A&B has evolved over its 150 years, starting in sugar, adding shipping, then tourism and now focusing on Hawai‘i real estate. Benjamin attributes the company’s longevity to being able to morph into relevant businesses that provide value and long-term stability.
Q: Where is A&B with its business simplification strategy?
Benjamin: We have achieved some goals, like being 100% Hawai‘i focused, which we achieved in 2018. The next goal is to be around 95% focused in commercial real estate. We’re not there yet; we still have Grace Pacific (a construction division) and a number of residential real estate projects that we intend to sell within a couple of years. We are now around 75% commercial.
As for Grace Pacific, we have engaged with prospective bidders and provided information to them. We are awaiting their interest and valuation of the company.
Q: You are 100% focused on Hawai‘i, yet some say diversification is good because it helps mitigate risk.
Benjamin: Yes, but a company should do what it knows best. For A&B, Hawai‘i is our home and we have been here for 150 years. We know the market and the community and the people. This allows us to create value in Hawai‘i much more than in other places on the Mainland.
Yes, the flip side is diversification can help during market downturns and make your earnings more stable. However, sometimes companies that seek too much diversification wind up diluting themselves. We are going to create value in the market and business we know best, then our investors can diversify their geographic risk by investing in a portfolio of companies.

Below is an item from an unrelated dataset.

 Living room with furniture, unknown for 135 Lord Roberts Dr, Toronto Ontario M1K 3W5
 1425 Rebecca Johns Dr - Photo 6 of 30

Q: A&B considered converting to a real estate investment trust for many years before becoming a REIT IN 2017. What finally triggered the move?
Benjamin: We are entirely driven by the business we can do best and where we can create the best value for our stakeholders, which includes our employees, communities and shareholders. What we do best is commercial real estate. We spun Matson in 2012 and made the decision to be 100% Hawai‘i. In 2016, we decided to go almost exclusively into commercial real estate. Then we decided the best vehicle for us would be a REIT structure, because it is what most commercial real estate investors look for.
Q: The move was also intended to provide better access to capital and a bigger investor base. How is that strategy working so far?
Benjamin: The whole process is not done. It is a little like changing the offensive scheme on a football team. When you first change your approach, you don’t have all of the systems and components to be successful in that new strategy. So we are still developing that. But we have made significant gains. We brought in all of the right people to lead our commercial real estate business, and they are working well with our existing team. What we do next is to make sure we have all the right information systems and practices. We are making great progress in that.
The last piece is having the business focus that we are striving to achieve: 95% focused on commercial real estate. We are still a bit of a complicated story for investors, and our objective is to be more simplified. Once we have done that we will reap the rewards and be able to grow because we have better investor appreciation and access to more capital.
Q: With the City and County of Honolulu targeting illegal vacation rentals, do you think that will affect customer traffic at commercial properties in Kailua?
Benjamin: The impact on Kailua of that law is difficult to predict. It depends on the effectiveness of enforcement.
Our focus in all of our properties is the local markets. We have focused on grocery-anchored community shopping centers and industrial properties because we do not want to be a primarily tourist-oriented business. We all know Hawai‘i benefits from tourism, but we want to be focused on serving the local community.
What I can say is that A&B is very focused on engaging with the community. So even if there is a decline in tourist traffic, we will help our tenants survive and thrive. Look at what we did with the old Macy’s store in Kailua. We converted that into a gathering place for the local community: from a fitness center to a vegetarian food store to two vibrant indoor/outdoor restaurants. Locals are flocking to that.
Q: Many businesses in Hawai‘i chase tourism dollars, but the strategy you describe goes against that current. Why?
Benjamin: Tourism tends to be a volatile portion of our economy. Clearly, the state has seen a tremendous uptick in tourism, but that can turn around. The local residents are here and if we can appeal to them and provide for their needs, it is a more stable business model.
Q: Real estate is cyclical, and the predictions are the market will cool off. How are you preparing?
Benjamin: The odds are there will be some slowdown over the next few years, and the best way we can prepare is by ensuring we have a strong balance sheet. We are taking steps that ensure our leverage is appropriate and that we are well-positioned for a downturn. All downturns are different, so we don’t know to what extent our centers will be impacted, but we have to be prepared regardless.
This interview has been edited for clarity and conciseness.